Un quarto dei rifiuti che circola all’interno della Comunità Europea viola la regolamentazione sui rifiuti transfrontalieri. È il grido d’allarme della Commissione Europea che denuncia una situazione non solo di incerta applicazione degli standard di tutela ambientale nelle operazioni di smaltimento e recupero in determinati Paesi, ma anche di forte disallineamento tra legislazioni di Stati diversi. Il tutto a quasi 30 anni dalla stipula della Convenzione di Basilea, primo vero atto normativo sul trasporto transfrontaliero di rifiuti pericolosi al quale peraltro la Comunità ha aderito solo nel 1993 con la decisione del Consiglio 93/98/Cee. Il primo vero atto legislativo di regolamentazione è arrivato però a distanza di di 13 anni, con il regolamento 1013/2006/Ce, che ha previsto una sorta di doppio regime autorizzatorio a seconda che i rifiuti oggetti di spedizione siano non pericolosi e destinati a recupero - nel cui caso è sufficiente un semplice atto informativo - o rifiuti pericolosi e/o destinati a smaltimento, per i quali si rendono necessarie una notifica e un’autorizzazione preventiva. A fronte dei forti margini di illegalità, la Commissione Europea è corsa ai ripari emanando il più recente regolamento 660/2014/Ue, che, tra le varie modifiche al precedente 1013/2006/Ce, ha previsto l’obbligo per gli Stati membri di istituire, con efficacia a partire dal 1° gennaio 2017, un piano ispettivo in grado di stimare quali siano le spedizioni da sottoporre preventivamente a controlli e il numero di controlli minimi sul territorio di ogni stato membro.
Il legislatore italiano, in adeguamento a questa disposizione, ha emanato il decreto del Ministero dell’Ambiente e della Tutela del Territorio e del Mare 22 dicembre 2016 che ha introdotto alcune misure tra quelle richieste dal regolamento 1013/206/Ce nel nostro ordinamento.

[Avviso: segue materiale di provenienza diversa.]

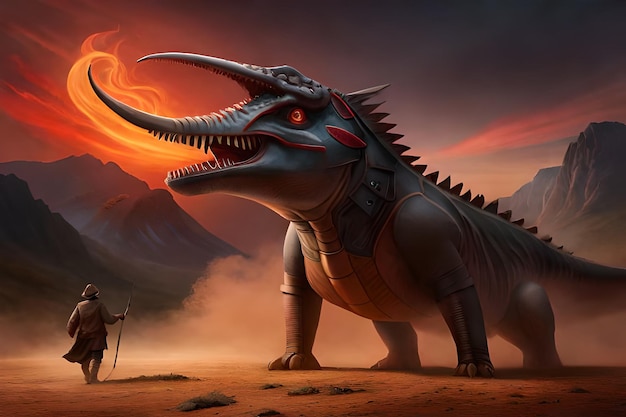 Мультяшный динозавр с человеком в маске и мечом на голове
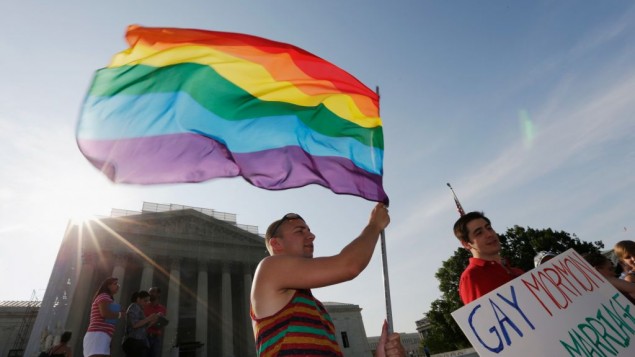 صورة توضيحية لعلم الفخر للمثليين( Win McNamee/Getty Images via JTA)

Innanzitutto, il provvedimento identifica i flussi di rifiuti oggetto di particolare attenzione in termini di controllo da parte sia del Paese di invio che di quello di destinazione, in funzione del codice Cer e, di conseguenza, delle potenziali rischi legati al trasporto.
Altro tema è quello delle ispezioni da effettuare presso stabilimenti, imprese, intermediari e commercianti in merito alle autorizzazioni per la gestione dei rifiuti e all’idoneità di siti e impianti. I controlli, che possono essere effettuati da una nutrita serie di autorità (Carabinieri, Guardia di Finanza, Polizia stradale, Capitanerie di porto e Agenzia delle dogane), avranno il compito di verificare questioni amministrative (ad es. iscrizione all’albo gestori ambientali) piuttosto che tecniche (ad es. stato degli imballaggi), ma potrebbero anche tenere conto di altri regimi ispettivi già applicati come quelli previsti dall’Aia.
Tutti i dati raccolti a livello nazionale confluiranno poi in un unico database dedicato che servirà alle autorità di controllo non solo per monitorare la situazione di ciascuna realtà, ma anche per pianificare al meglio le attività ed evitare duplicazioni inutili nei controlli.
Inoltre, questi dati, unitamente a quelli emersi da attività esterne al piano che possono essere state condotte da organismi di vigilanza a competenza locale (ad es. Arpa/Appa), saranno inviati annualmente alla Commissione Europea per essere poi resi di dominio pubblico, come espressamente previsto dal regolamento 1013/206/Ce.